Saat Sabine berusia 17 tahun, ia memutuskan untuk kembali ke Jerman. Ketika itulah ia merasakan «culture shock », karena tidak mudah untuknya beradaptasi dengan kehidupan baru yang sangat berbeda dengan kehidupannya selama ini di dalam hutan. Baginya kehidupan di hutan memang secara fisik membuat siapa saja lelah, akan tetapi kehidupan di dunia modern seperti yang ia alami di Jerman membuatnya lelah secara kejiwaan.

Sabine kecil diperankan oleh Stella Kunkat yang memiliki talenta bermain film sangat bagus. Sementara itu, Sabine dewasa diperankan oleh Sina Tkotsch. Thomas Kretschmann berperan sebagai ayah Sabine, Klaus Kuegler, dan Doris diperankan oleh Nadja Uhl yang sebelumnya pernah juga berperan di dalam film « Mogadischu » yang juga sukses di pasaran. Sebanyak 85 orang pemain didatangkan langsung dari Papua New Guinea dan berperan sebagai suku Fayu. Mereka adalah orang-orang yang tidak mengenal kehidupan hutan seperti diceritakan Sabine Kuegler di dalam bukunya. Oleh karenanya, mereka harus dilatih bagaimana menari dan belajar teknik berperang yang biasa dilakukan oleh suku Fayu.
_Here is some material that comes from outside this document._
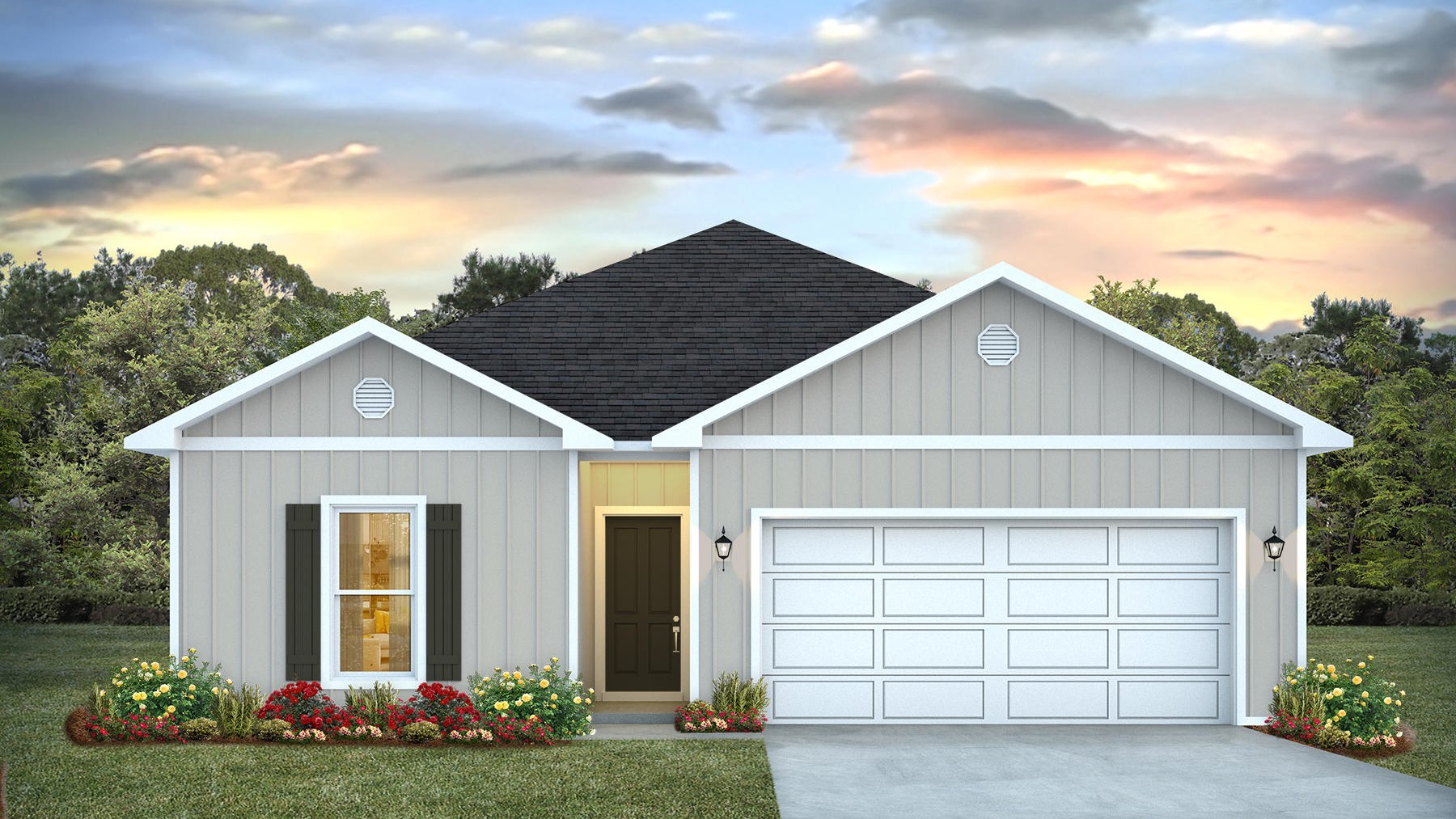 11801 Volga Drive exterior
Film yang banyak memberi ilmu tentang kehidupan ini membuat para penonton yang memenuhi gedung bioskop merenung, seperti halnya Mariana Malkova (34). Baginya banyak sekali pelajaran yang dapat diambil setelah menyaksikan film tersebut. Ia melihat bagaimana kehidupan yang sangat jauh dari modernisasi, kejujuran, dan kebersamaan di antara sesama mereka. Perempuan cantik dari kota Bratislava, Slowakia, yang bekerja di Universitas Marburg di bagian International Office ini matanya terlihat berkaca-kaca. Ia mengaku pada bulan Januari 2010 pernah mengunjungi beberapa tempat di Indonesia seperti Bandung, Yogyakarta, Ambon, dan Bali. Namun, karena kesannya yang sangat mendalam pada film tersebut ia ingin kembali pergi ke Indonesia dan melakukan petualangan serupa suatu saat nanti.